Updated Saturday, June 23rd 2012 at 00:00 GMT +3

By Edward Indakwa

History, they say, repeats itself. Maasai herdsmen in Kitengela killed six lions last Wednesday. They did it in 2003. Chances are they will strike again.

Those in doubt should remember that the Maasai annihilated Amboseli’s entire black rhino population. And rhinos, for your information, are not sitting ducks.

I know game wardens, many of them my friends, are seething with rage. But this killing is an opportunity for everyone to sit down with a stiff whisky and mull over a few things.

First, we should be glad those herdsmen did not have guns. Unlike other pastoralists, the Maasai have largely steered clear of firearms and their weapons of choice remain what they were when they frightened white explorers in the 18th Century.

But the Kitengela Maasai are only pastoralist in name. They live pretty close to Nairobi and have hardly suffered the marginalisation that modern Kenya visited on their peers in the hinterland. They are also relatively well educated and their lifestyles are sedentary and pretty modern.

The herdsmen who were parading dead lions, for instance, were clad in jeans and jackets – not shukas! I have met ‘herdsmen’ in Kitengela who turned to be university graduates in disguise. I wouldn’t take them lightly.

Second, we need to ask ourselves why Nairobi Park is partially fenced along Langata Road, Mombasa Road, and the section abutting Kitengela town. Game wardens – who are armed – reside in ring-fenced housing.  Yet Nairobi Park is open on the section bordering the Kitengela Maasai.

How can we – the Nairobi elite – protect ourselves from lions yet expect the Maasai to somehow ‘co-exist’ with them?

Third, we need to re-examine why fencing Nairobi Park is considered problematic. Ecologists warn the park is too small. Fencing, they argue, would cut off migration to lands yonder that are owned by the local community.

Consequently, the ‘locked in herbivores’ would graze down every bit of vegetation and turn the Park into a glorified zoo in a few years.  It is a horrible picture for any African wildlife manager. But do we have a choice?

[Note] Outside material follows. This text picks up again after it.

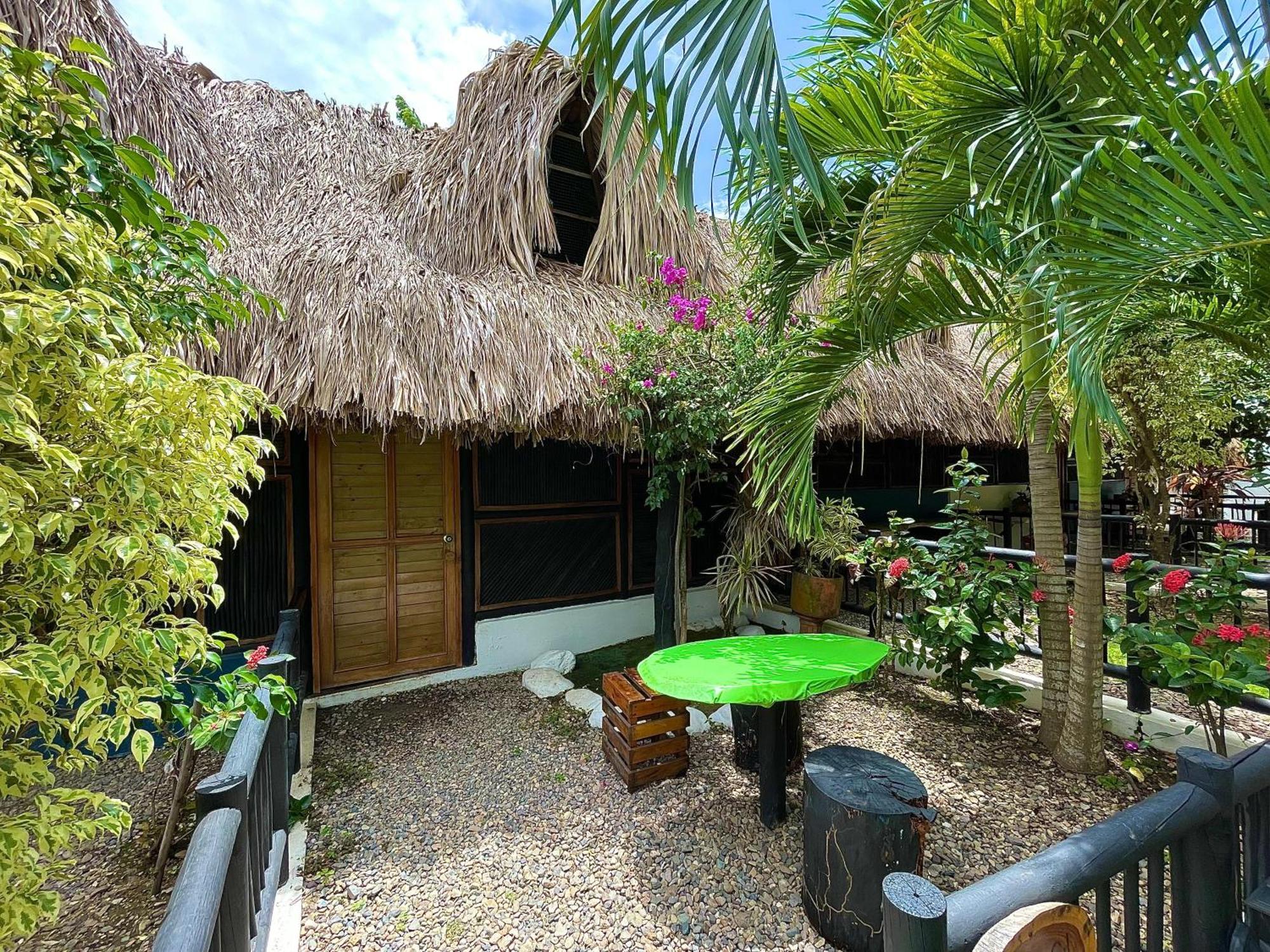 Bikini Hotel & Pool Palomino Exterior photo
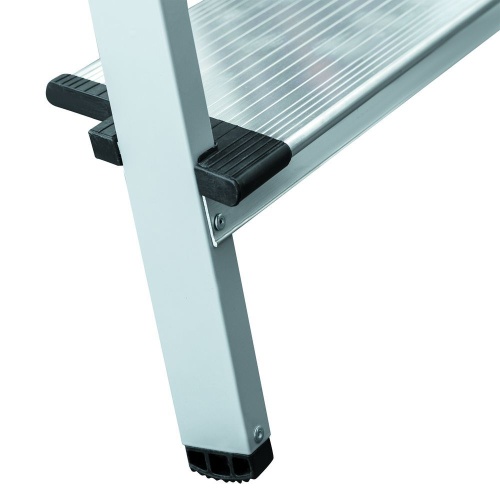 Стремянка стальная с широкой ступенью и органайзером Новая Высота 9 ступеней (арт. 1138109) от магазина ЛесКонПром.ру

With a few exceptions, our wildlife conservation and management model hasn’t changed much since the 1940s when Nairobi Park was established. I know we all would love to see wildlife traipsing through the savannah as they have done for generations. Sadly, we could afford it in the 1940s, but we can’t anymore. Not when our population has risen from six to 40 million people.